The Widows of Broome (Inspector Napoleon Bonaparte #13) by Arthur W. Upfield

‘Situated on the barren, inhospitable coast of the north-west of Australia, Broome’s only excuse for existence is pearl shell.’

Detective-Inspector Bonaparte (Bony) arrives in Broome after two well-to-do widows are murdered by strangulation. The murderer has apparently left no clues, the local police are shorthanded, and the town is on edge. Bony, posing as a visiting psychiatrist, has barely started his investigation when a third widow is murdered. But this time, the murderer may have been careless. Bony, with the help of Mr Dickenson, a colourful local character, starts to form a picture of the murderer. He is aided by footprints, three bundles of silk rags, and the sound of clicking teeth.

Time is running out: can Bony protect the remaining widows of Broome?

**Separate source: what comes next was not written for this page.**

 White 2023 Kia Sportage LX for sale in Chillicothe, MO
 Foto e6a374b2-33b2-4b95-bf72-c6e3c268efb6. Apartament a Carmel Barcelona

I enjoyed this clever, well-written murder mystery. I vaguely remember the Boney television series which ran for two seasons in the early 1970s. My mother was a big fan and read each of the novels. This is the first novel I have read, and I will look out for the others. Given the age of the novel, it is worth including this editorial note:

‘Part of the appeal of Arthur Upfield’s stories lies in their authentic portrayal of many aspects of outback Australian life in the 1930s and through into the 1950s. The dialogue, especially, is a faithful evocation of how people spoke. Hence, these books reflect and depict the attitudes and ways of speech, particularly with regard to Aborigines and to women, which were then commonplace.  In reprinting these books the publisher does not endorse the attitudes or opinions they express.’